───── Dataset content
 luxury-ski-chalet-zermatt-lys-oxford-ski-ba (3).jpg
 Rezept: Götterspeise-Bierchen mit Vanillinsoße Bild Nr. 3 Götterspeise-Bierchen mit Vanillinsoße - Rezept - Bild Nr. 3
──────────
───── Dataset content
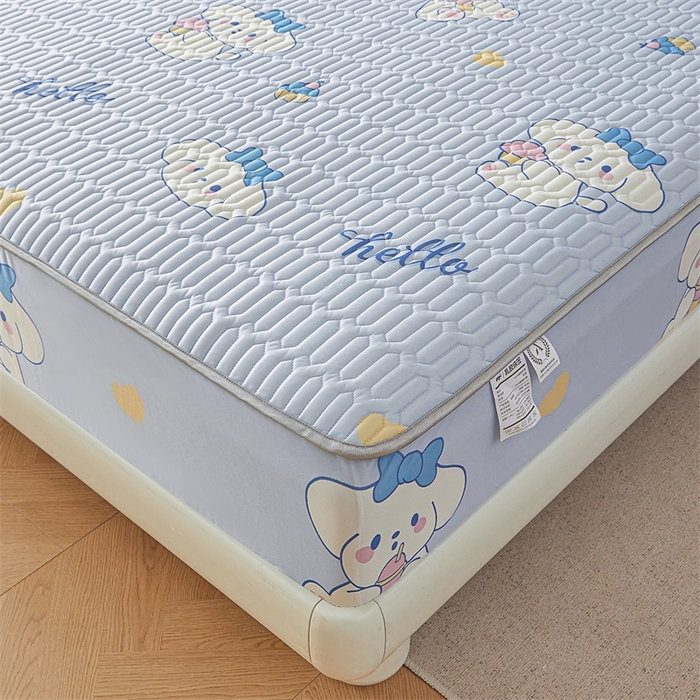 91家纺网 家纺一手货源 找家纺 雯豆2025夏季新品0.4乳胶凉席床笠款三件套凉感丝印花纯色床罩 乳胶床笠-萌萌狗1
──────────
───── Dataset content
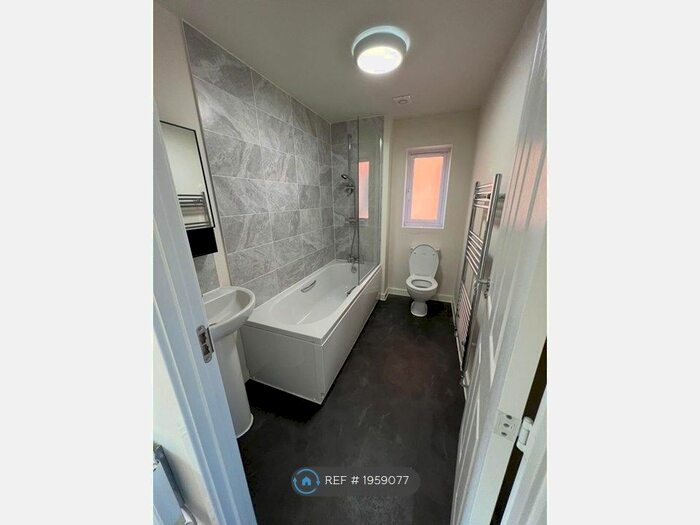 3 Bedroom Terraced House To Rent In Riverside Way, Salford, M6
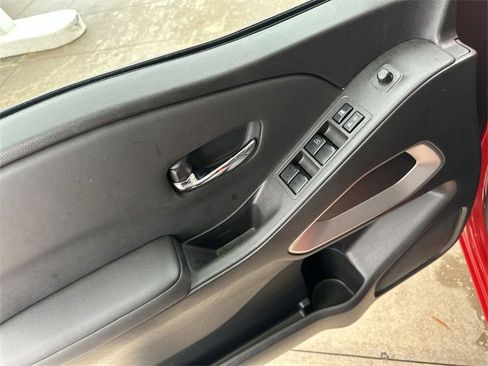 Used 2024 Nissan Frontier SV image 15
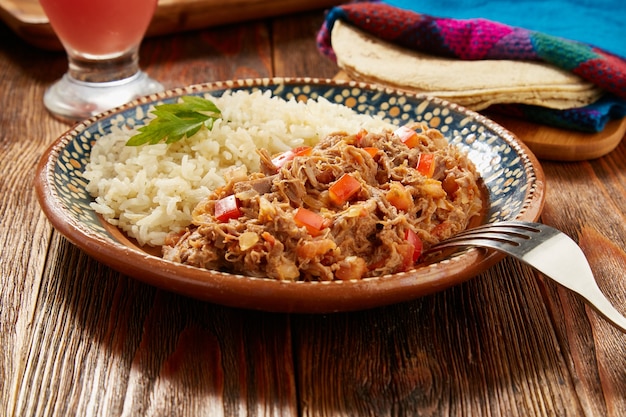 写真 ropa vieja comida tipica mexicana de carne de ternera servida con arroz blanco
──────────
#### Directions for this task
Within the data above, repeat exactly the lines from the one bearing "Used 2024 Nissan Frontier SV image 15" through the one bearing "写真 ropa vieja". Include no pictures and nothing else.

#### Problem solution
 Used 2024 Nissan Frontier SV image 15
 写真 ropa vieja comida tipica mexicana de carne de ternera servida con arroz blanco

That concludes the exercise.